And just because I think it's cool as hell. The 'paper hold' button.

IMG_1989.MOV
First fixed plotter test - IMG_2051.MOV

Software ideas - Faking a vector display beam

I'll mock up some logic in Unity, since I'm very familiar with it and it's quick to develop on.
Making a fake 'beam' move about randomly, since I don't have direct access to the actual vector data.
I've only got continuously moving x,y,z raw values to reinterpret them as vectors in my code. I tried checking the rate at which the direction changes, so if it changes quickly, it's probably a new line. Also if the 'pen' (intensity of the beam) turns on or off. This works ok, but randomness isn't a good simulation.

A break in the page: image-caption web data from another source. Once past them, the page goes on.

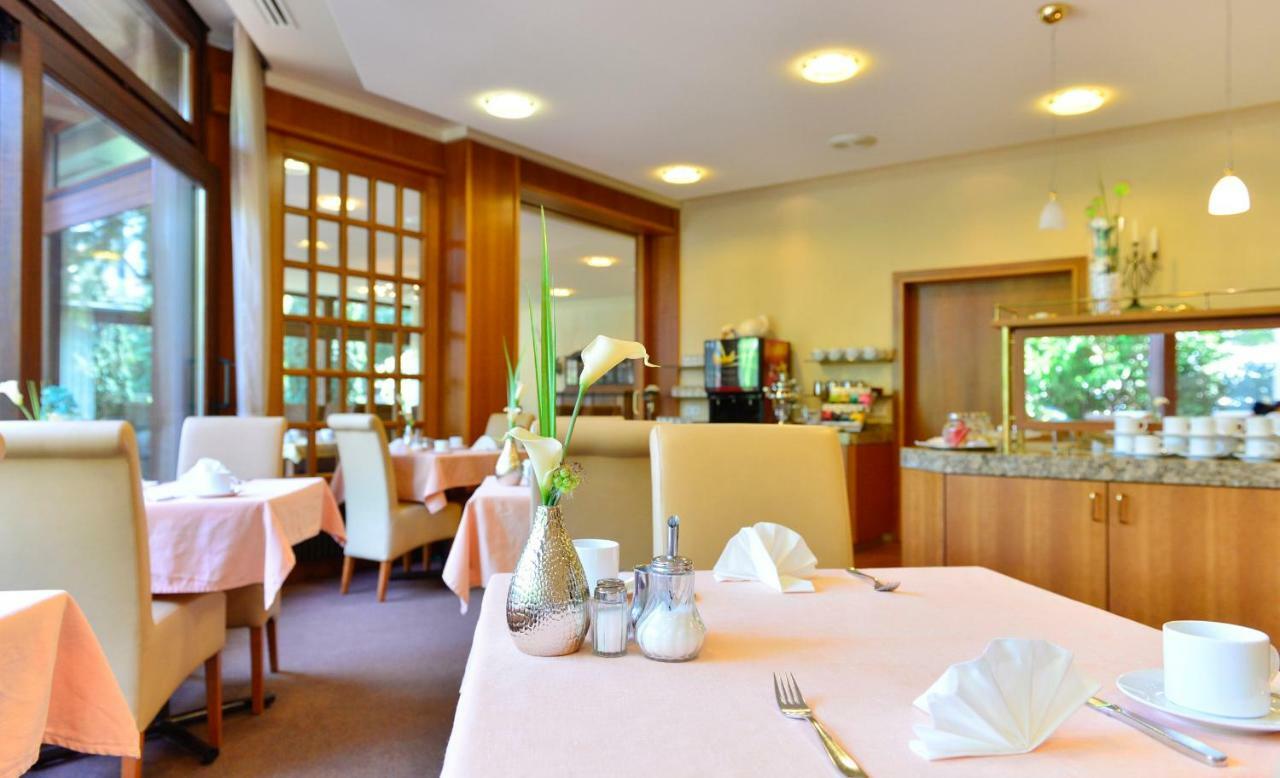 Hotel Fuchsen Kirchheim unter Teck Bagian luar foto
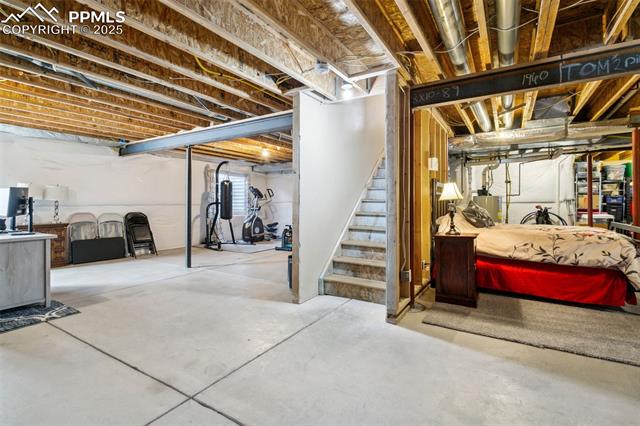 4407 Round Hill Drive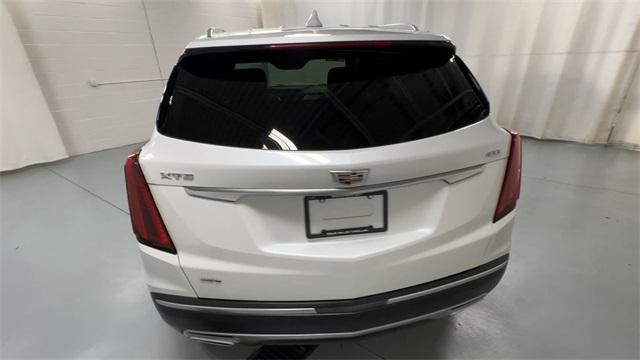 used 2022 Cadillac XT5 car, priced at $28,888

I'll try and draw out an actual image stored in a vector list. That'll give me a good simulation of a real Vectrex.

This worked pretty well!

Detecting a 'frame'

The Vectrex doesn't have a framerate as such. I doesn't draw 'a screen', then draw another etc etc, it just draws as many vectors as you ask it. It's completely up to the programmer to NOT draw so many that the screen flickers and to repeat the vectors in the same spot to make parts appear static. There is no frame buffer (vector buffer?)

This isn't a problem for the Vectrex, but it is for me. In order to capture an 'image' I do need a frame! For a human it's easy to see an image, but the vectors are simply drawing over the top of themselves, with some parts moving and some drawn in the same spot on the next redraw. There is no 'end' of the sequence that gets sent. I just get a stream of numbers from the x,y,z wires.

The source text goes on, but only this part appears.